The wary bull which had answered, having doubtless harbored a suspicion that all was not exactly right with the first call, had halted in his on-coming rush, with head upreared, and nostrils spread, trying to catch any taint in the air which might warn him of danger. But in the dead calm the heavy evergreens stirred not; no whiff reached him. The second call upset his prudence. Then he heard that splash and dribble in the water, and imagined that his impatient mate was dipping her nose into the lake for a cool drink.
A snort! A bellowing challenge quite indescribable! On he came again with a thundering rush!
Bushes were thrashed and spurned by his sharp hoofs. Branches snapped. Trees echoed as his antlers struck them.
A musk-rat leaped from the bank ahead, and dived to reach his hole in the bank. Under cover of the noisy splash which the little creature made, one whisper was hissed by Herb’s tongue into the ears of his comrades. It was:—
“Gee whittaker! he’s a big one! Listen to them shovels against the trees!”
A minute later, with a deep gulp of intense excitement, and a general racket as if an engine had broken loose from brakes and checks, and was carrying all before it, the monarch of the woods crashed through the alders and halted, with his hoofs in the water, scarcely thirty yards from where the boat lay in shadow.
This was a supreme moment for our travellers. Leaning forward, fearful lest their heart-beats should betray them, they could barely distinguish the outlines of the moose, as he stood with his enormous nose high in air, giving vent to deep gulps and grunts, and looking to right and left in bewilderment for that cow which he had heard calling.
For fully five minutes he stood thus, badly puzzled, now and again stamping a hoof, and scattering spray in rising wrath. Then Herb bent forward, shot out a long arm, and silently opened the jack.

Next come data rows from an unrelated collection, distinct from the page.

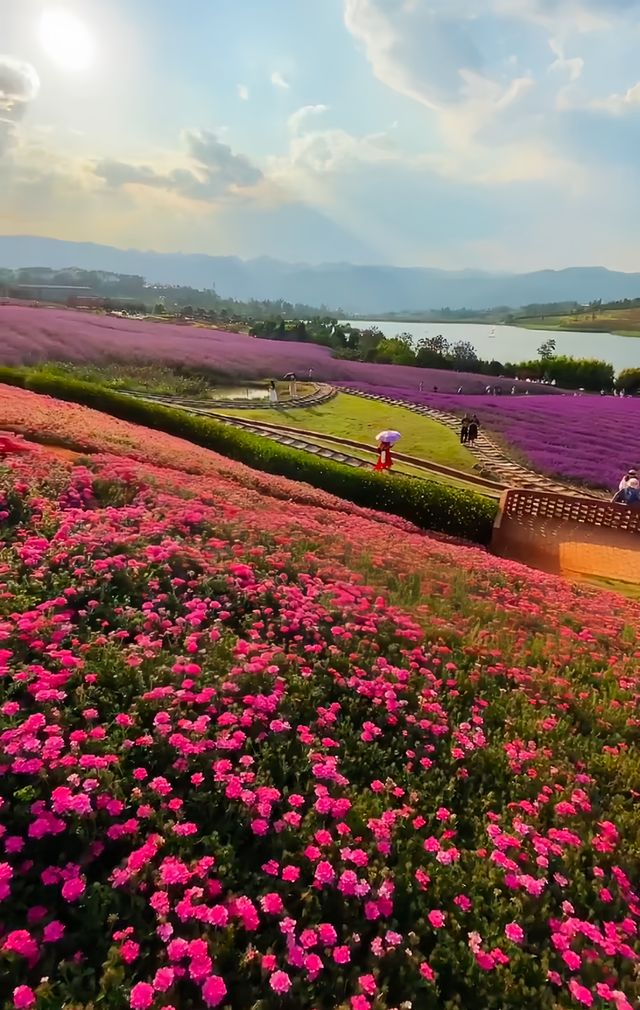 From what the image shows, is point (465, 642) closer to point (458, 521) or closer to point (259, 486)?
point (259, 486)

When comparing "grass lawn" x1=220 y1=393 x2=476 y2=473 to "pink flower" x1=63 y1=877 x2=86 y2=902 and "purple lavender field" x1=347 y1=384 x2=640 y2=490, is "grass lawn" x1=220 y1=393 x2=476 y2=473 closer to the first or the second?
"purple lavender field" x1=347 y1=384 x2=640 y2=490

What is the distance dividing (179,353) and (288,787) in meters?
33.3

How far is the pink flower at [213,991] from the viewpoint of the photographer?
3.30 metres

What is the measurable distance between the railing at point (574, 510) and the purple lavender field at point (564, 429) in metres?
3.74

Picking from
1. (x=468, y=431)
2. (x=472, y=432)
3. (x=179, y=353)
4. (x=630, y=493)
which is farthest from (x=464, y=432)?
(x=179, y=353)

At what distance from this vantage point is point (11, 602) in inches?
241

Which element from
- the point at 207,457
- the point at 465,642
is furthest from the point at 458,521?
the point at 465,642

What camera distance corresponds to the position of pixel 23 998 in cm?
316

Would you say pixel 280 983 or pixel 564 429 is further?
pixel 564 429

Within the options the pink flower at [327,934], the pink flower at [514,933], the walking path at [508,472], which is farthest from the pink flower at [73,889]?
the walking path at [508,472]

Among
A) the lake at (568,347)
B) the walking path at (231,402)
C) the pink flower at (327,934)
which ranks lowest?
the walking path at (231,402)

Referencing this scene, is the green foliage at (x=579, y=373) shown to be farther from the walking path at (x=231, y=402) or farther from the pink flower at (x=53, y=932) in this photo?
the pink flower at (x=53, y=932)

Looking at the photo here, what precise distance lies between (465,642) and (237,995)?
484 centimetres

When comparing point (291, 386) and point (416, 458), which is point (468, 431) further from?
point (291, 386) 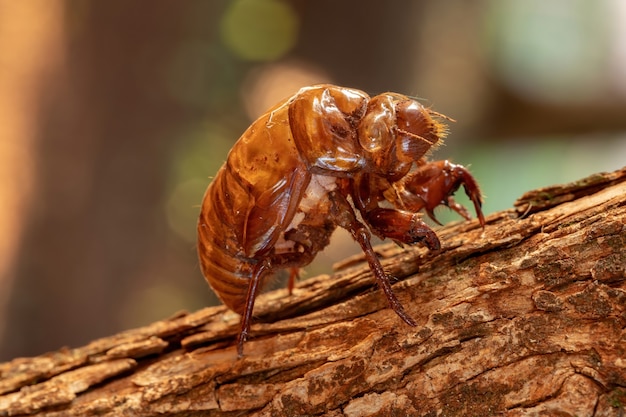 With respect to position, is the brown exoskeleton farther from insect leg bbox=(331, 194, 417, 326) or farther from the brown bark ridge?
the brown bark ridge

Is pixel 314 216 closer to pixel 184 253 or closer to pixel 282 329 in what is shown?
pixel 282 329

Meteor-like its silver light flashed forth, to reveal a sight which could never be wiped from the memories of the beholders, though it affected each of them differently.
Herb Heal involuntarily gripped the loaded rifle which lay beside him,—he was too wary a woodsman to be unprepared for emergencies; but he did not cock it, for he remembered the law, and the bargain which he had made about to-night.
Cyrus’s eyes gleamed like fires in a face pale from eagerness, as he strove in a minute of time to take in every feature of the monster before him, from hoof to horn.
Neal sat as if paralyzed.
Dol—well, Dol lost his head a bit. A deep, throaty gulp, which was a weak reproduction of the sound made by the moose, as if the boy and the animal were sharing the same throes of excitement, burst from him. There was a rattle and struggle of his vocal organs, which in another second would have become a shout, had not Herb’s masterful left hand gripped him. Its touch held in check the speech which Dol could no longer control.